A lei paulista é semelhante à lei paranaense que instituiu essas escolas no Estado do Paraná. Lá, vedam-se fotos e gravações de vídeo e áudio sem a autorização dos professores. Também não se deve utilizar piercings e alargadores de orelhas, mesmo que cobertos. Colares, pulseiras, relógios, anéis e tornozeleiras podem ser usados, desde que de forma discreta e sem que ofereçam riscos à segurança dos alunos. As alunas devem manter os cabelos presos em coques, tranças ou rabo-de-cavalo e só podem pintá-los se mantiverem uma cor discreta, semelhante a natural. A proibição também vale para adereços chamativos como “tererê”, que utilizam enfeites coloridos.

Além disso, o descumprimento das normas pode ensejar a aplicação de sanções, como a advertência.

Como funcionará a escola cívico-militar em São Paulo?

A ideia do novo modelo é mesclar a presença de militares aposentados, que ficarão responsáveis pela garantia da disciplina dos alunos e trabalharão desarmados, com profissionais de educação, que cuidarão do conteúdo passado em sala de aula.

Cada escola aderente ao Programa Escola Cívico Militar contará com pelo menos um militar da reserva, que estará subordinado ao Diretor Pedagógico da unidade escolar, e sua atuação será restrita ao projeto de valor do Programa Escola Cívico-Militar“, afirmou o secretário de educação de SP, Renato Feder.

Ainda segundo o secretário,

…o modelo é voltado para as práticas pedagógicas onde os estudantes são estimulados a cultivar o respeito à pátria, aos símbolos nacionais e aos direitos e deveres de cidadania. Além disso, são incentivados a desenvolver habilidades de liderança, trabalho em equipe e responsabilidade social, preparando-os para serem cidadãos conscientes e atuantes na sociedade“.

Assim, a escola que desejar participar não poderá:

  • Ter aulas no período noturno;
  • Ser uma instituição rural, indígena, quilombola ou conveniada;
  • Ter gestão compartilhada entre Estado e municípios;
  • Ter, exclusivamente, ensino para jovens e adultos;
  • Ser a única unidade escolar da rede pública de ensino que oferte ensino fundamental e médio regular na zona urbana do respectivo município.

Os críticos do modelo chamam atenção para a disparidade remuneratória que haverá entre o militar e o profissional de educação, com um salário maior para o profissional da segurança. Outro ponto é o enrijecimento e a militarização do projeto educacional.

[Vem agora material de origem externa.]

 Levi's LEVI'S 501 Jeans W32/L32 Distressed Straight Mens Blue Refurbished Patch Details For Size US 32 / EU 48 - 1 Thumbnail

Os defensores do modelo, por outro lado, enfatizam que as escolas cívico-militares serão mais uma opção para o aluno que assim a desejar, além do fato de que contribuirão para fomentar a identificação do aluno com valores importantes, como família, dignidade, lealdade, disciplina, amor à pátria, à bandeira e aos símbolos nacionais. Arrematam, ainda, que a experiência já vista desse modelo é exitosa, demonstrando uma diminuição nos índices de violência e um aumento no aprendizado.

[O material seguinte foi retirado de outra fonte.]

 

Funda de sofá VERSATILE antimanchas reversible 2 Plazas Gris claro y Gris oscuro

Visto todo esse contexto fático, vamos à análise jurídica.

escola
Parte de fardamento do Colégio Cívico-Militar do Paraná (Fonte: Portal da Câmara de Vereadores de Marechal Cândido Rondon)

O modelo cívico-militar escolar é constitucional ou ele viola os preceitos fundamentais da nossa Carta Magna?

Precedentes

O Paraná adotou o formato cívico-militar em 2020. No ano anterior, em 2019, o então presidente Jair Bolsonaro assinou um decreto que criou o Programa Nacional das Escolas Cívico-Militares, possibilitando que os Estados elaborassem leis próprias para implantar esse modelo.

Em 2021, três partidos políticos (PT, PSOL e PcdoB) ajuizaram uma Ação Direta de Inconstitucionalidade – ADI 6791, defendendo a inconstitucionalidade de leis paranaenses relacionadas ao sistema escolar cívico-militar.

Segundo os partidos, as normas tratam de um projeto de militarização da escola civil sem previsão na Lei de Diretrizes e Bases da Educação Nacional (Lei 9.394/1996). Apontam, ainda, violação do princípio da gestão democrática da escola e argumentam que a militarização das escolas públicas representa a antítese institucional do espírito republicano e democrático da Constituição de 1988.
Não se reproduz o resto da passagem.